A new kind of money:
The cryptocurrency market hit record highs this week. With Ethereum leading the pack by climbing more than 40 percent in 24 hours, according to CoinMarketCap.
Ethereum is traded in digital currency exchanges online and has gain in popularity in recent months. As of Wednesday, the value of all Ethereum transactions equaled roughly $36 billion in total. About the same as all U.S. dollars traded on foreign exchange markets each day says Ian Mausner.
Buterin was born in Russia and raised mostly in Canada, where he studied computer science.
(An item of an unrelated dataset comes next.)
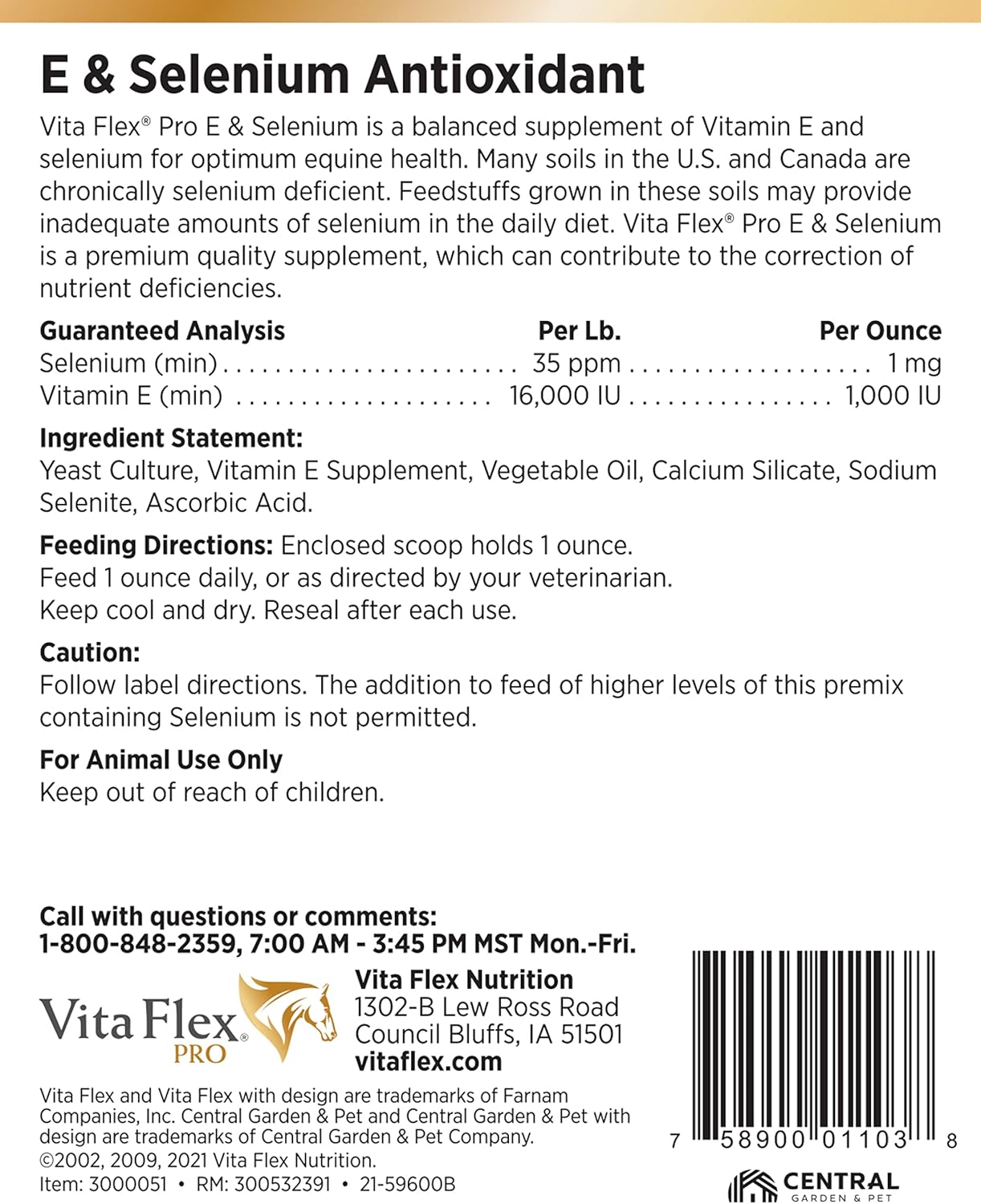 Vita Flex Pro E and Selenium Supplement for Horses, 4lb - Antioxidant-Rich Formula, 64-Day Supply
Before moving on to the prestigious University of Waterloo for an advanced degree. After teaching grant MacEwan University for six months. He dropped out to work full-time on Ethereum (he also had a brief stint working with cryptocurrency Ripple). He says his motivation comes from wanting to make “the world a better place.”
Rising to the challenge:
Over time, Ethereum has evolved into something more than just Ether. There are now roughly 9 million unique Ethereum addresses (a number that is growing by around 1.5% per week). And its block rate limit at one megabyte restricts transactions to about 5-7 per second only. But developers hope this will increase once payment channels like Raiden and Lightning come online in 2017. This won’t be easy but should help solve transaction speed issues for good
The main difference between Bitcoin and other cryptocurrencies is that the others are much smaller by value or volume. Giving them less chance of making an impact on society if they were widely adopting it. Indeed, other digital currencies have been used in illegal activities. Such as the recently ongoing Wanna Cry ransomware attacks. Which used Bitcoin to prevent victims from gaining access to their computer systems.
Ethereum’s market cap is currently more than $28 billion. Compared with more than $40 for Ripple and nearly $10 billion for Litecoin. In other words, there are some interesting competitor currencies out there. But Ethereum looks by far the most likely to succeed. Unless another one can match its versatile functionality and huge addressable market – giants. Like Amazon and Microsoft could integrate it into their own cloud services in the future and increase adoption rates that way. The blockchain architecture underpinning Ethereum is just exploding right now. It is technologically superior to anything else we have so adoption of Ethereum will be faster.
Today, Ethereum is using for peer-to-peer contracts and applications. That have nothing to do with money at all says Ian Mausner. This includes multi-million dollar businesses such as Uber and Airbnb, even though these apps don’t deal in Ether themselves.